As a person that has grown up in organized religion, I can honestly say that the church today has fallen way off course. What we call church today many times seems more like a large corporation. We seem to be more focused on our programs, building bigger buildings, having a bigger and better worship band, getting on radio or TV and being a step ahead of the church down the street.

Our churches today are so divided by denominations and doctrines that it makes me think of Heinz 57 Varieties. It seems like there is a church building every mile or two from each other, yet they cannot seem to come together in unity. We are all brothers and sisters in Christ, yet we continually divide ourselves and fight and argue amongst ourselves. Those outside the church can only look on and laugh.

It amazes me how upset and defensive people can get when you mention that going to church is not a requirement. They seem to forget that the church is not a building and is not a place we go too. The Church is the body of believers no matter when and where they get together.

Usually the first verse that is quoted when we talk about not going to church is Hebrews 10:25 – not forsaking our own assembling together, as is the habit of some, but encouraging one another; and all the more as you see the day drawing near. Nowhere does this verse say that we have to assemble in a building on a certain day at a certain time. Nowhere does it say we have to have a pastor to teach us, or a worship band to lead us in praise and worship.

I feel so often that we christians want to be entertained and told what to believe, then go home feeling satisfied that we have fulfilled our duty until next Sunday. We have become lazy and do not want to spend the time hearing the Holy Spirit teach us. As 1 John 2:23 states, as for you, the anointing which you received from Him (talking about the Holy Spirit) abides in you and you have no need for anyone to teach you; but as His anointing teaches you about all things, and is true and is not a lie, and just as it has taught you, you abide in Him.
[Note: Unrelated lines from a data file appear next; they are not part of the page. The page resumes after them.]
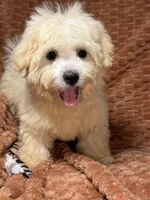Sunny, a male Maltipoo and Maltese for sale in Bryan, TX – 1 of 6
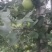 华瑞苹果电商货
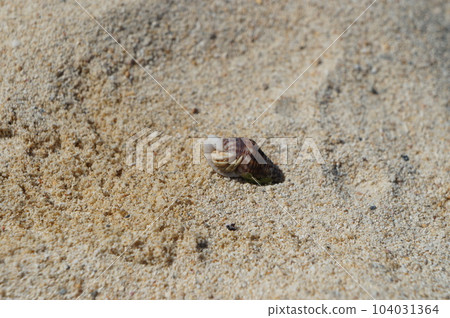 Small hermit crab in Okinawa 104031364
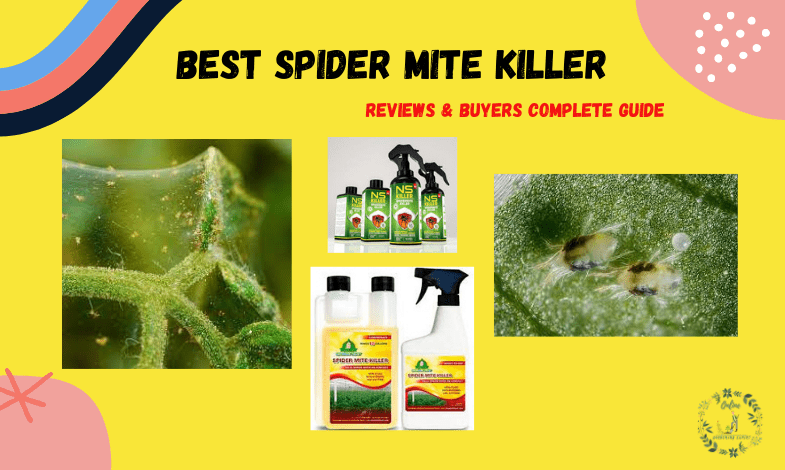 Best Spider Mite Killer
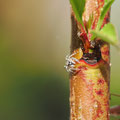 Springspinne an Pfirsichbaum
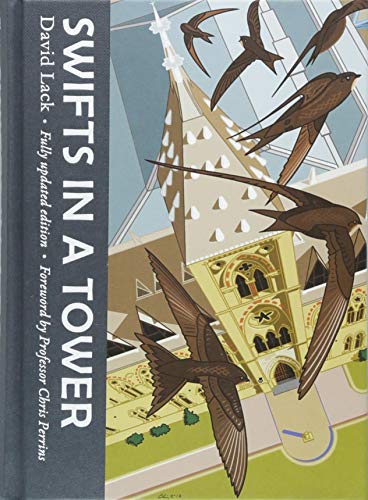 Book cover depicting swifts flying around a detailed church tower illustration.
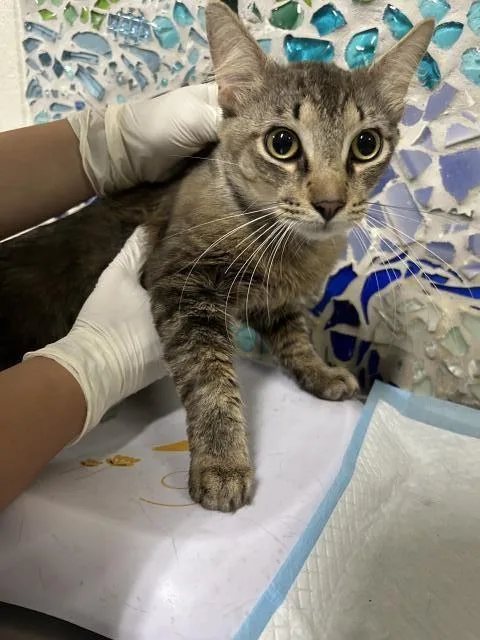 A young medium-sized male Domestic Short Hair cat named Huxley for adoption in Pensacola, FL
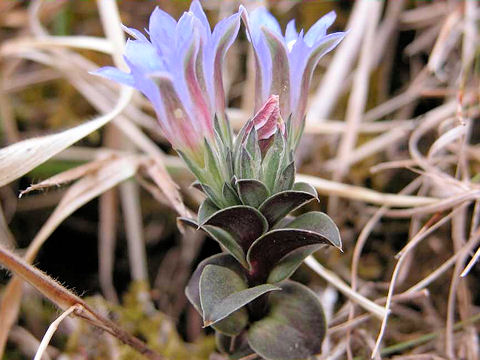 Gentiana zollingeri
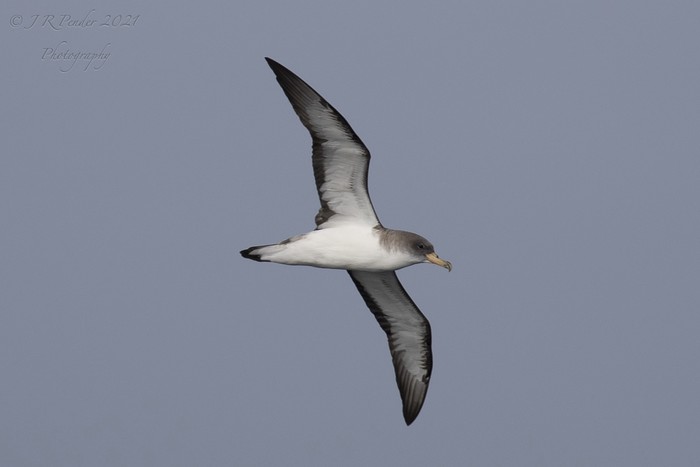 Cory's Shearwater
Jesus said where two or three are gathered together in my name, there I am in the midst of them. That can be in a restaurant, in a home, in a park or anywhere. So many people put more emphasis on where we meet and not enough emphasis on spending time with the one we love. Why is it we feel the need to go to a building anyway? God said we are the temple of the Holy Spirit. God told us that He is always with us. So why is it people say they are going to the house of God to meet with Him. We are the house of God, and He lives within us.

Going to a building to meet with other believers is not wrong, but let’s start calling it what it is. The building that people go to on Sunday morning is only a place where the members of the Church sometimes get together. The Church are those of us who are following the example of Christ, and that is done on a daily basis not a one-day event.

How many times do people get more involved with the things about Christ, the services, the meetings, the up-keep of a building and the money to keep the bills paid, that they lose sight of their first love Jesus. He is to have the preeminence.

We are to follow the example of Christ by loving God and loving others as ourselves. Let’s be clear that we are to love all people, not just those who believe like us, agree with us, look like us or are of the same faith.

Stop the arguing over different interpretations and denominational doctrines. Stop the judging and condemnation of people and start loving others no matter what. It is then that the world will know we are His disciples and see a difference in the way we live as Christians.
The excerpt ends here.